Pashto poetry and drones: the necromaniac mutations of tapey
DOI:
https://doi.org/10.47264/idea.lassij/6.1.2Keywords:
Pashtun, Pashtun life, tapey, drone, drone attacks, necrospace, necropoiltics, war on terror, global war on terror, suicide attacks, militarised violenceAbstract
The material consequences of the US-led “war on terror” in Pakistan are always counted in statistical terms, that is, the number of casualties in drone strikes or suicide bombings.

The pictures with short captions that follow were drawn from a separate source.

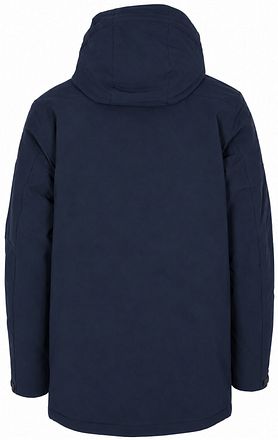 Tenson Artchi MPC Extreme Jacket Navy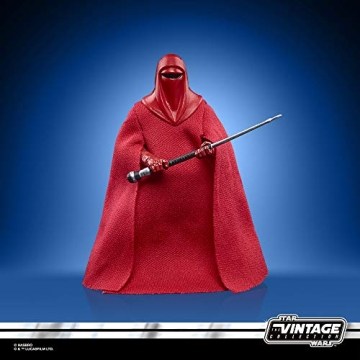 Star Wars Emperor's Royal Guard Vintage Action Figure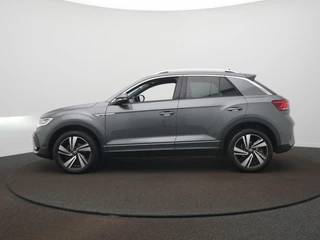 Volkswagen T-Roc – thumbnail 3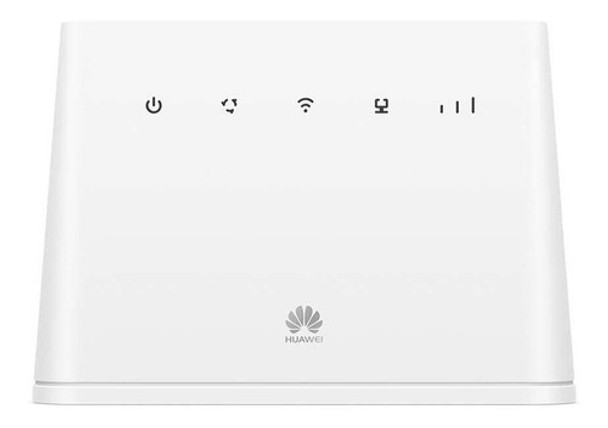 Router Huawei 4g Wifi Libre 0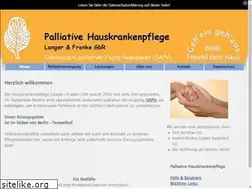 Sites similar to hkplf.de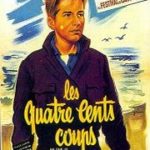 LOS 400 GOLPES de François Truffaut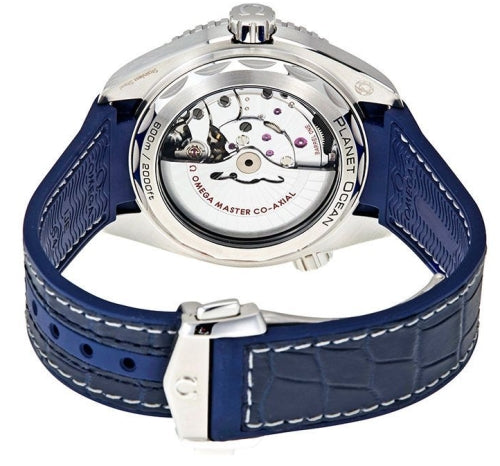 Seamaster Planet Ocean 600M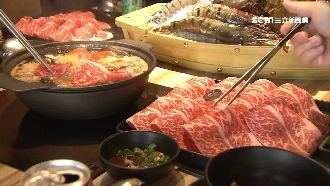 百元小火鍋沒附蛋了　業者曝背後原因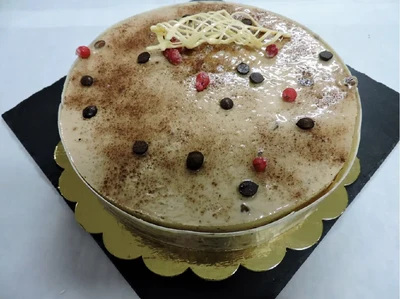 Cruixent de Xocolata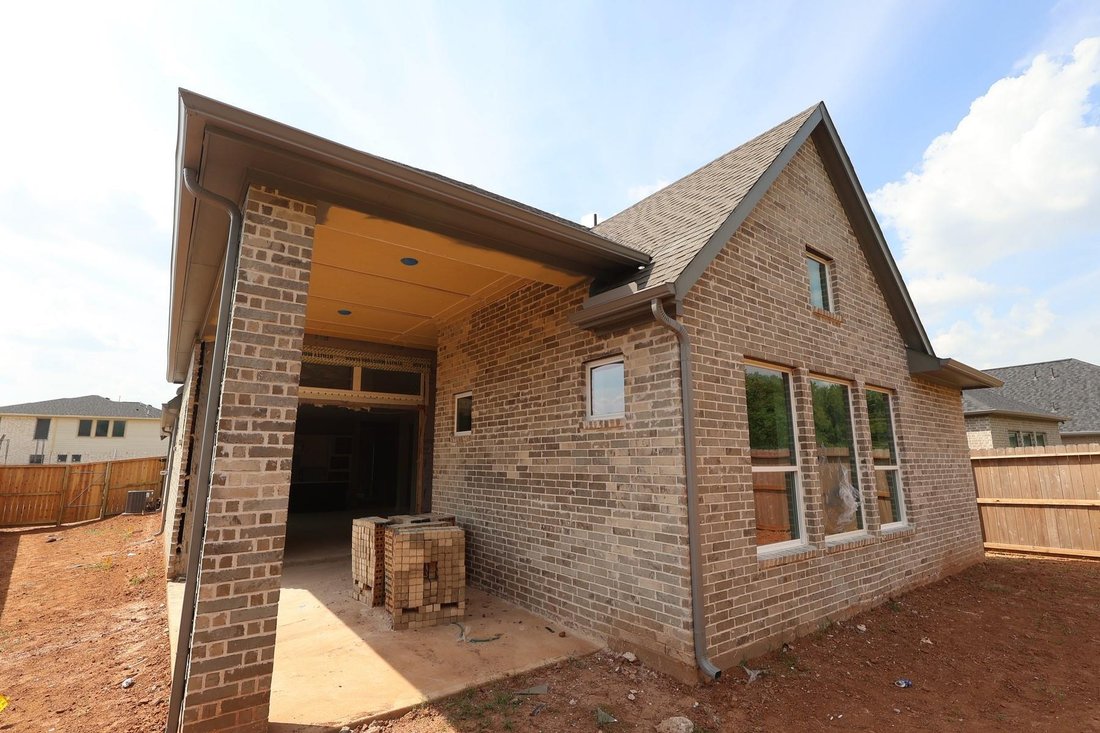 Casa en Richmond, Texas, Estados Unidos 3 - 18403585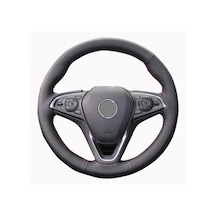 Opel Insıgnıa 2014 Dikişli Direksiyon Kılıfı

Little attention, however, is paid to the local public imagination to know how the ordinary people consume this everyday destruction and what kind of cultural production it ensures that shapes and inspires their imagination. In this study, therefore, we discuss the way systemic violence and cultural expression reinforce each other and how such an uneasy configuration depicts the pain and injury of people affected by this global war. We examine a purposive sample of Pashto tapey--anonymous couplets attributed to Pashtun women and conventionally reflecting war, valour, grief, longing, and love--to gain an insight into how this folk literature engages militarized violence, embraces the political and ideological challenges of the war, and reveals the hidden power contestation between actual militarization and symbolic representation. A close reading of these tapey depicts that Pashtun life is not only subjected to a rule of death, what Mbembe calls, “necropolitics” but these tapey create its own necrospace in local enunciative and cultural practices, thus reinforcing militarised violence in a cultural sphere.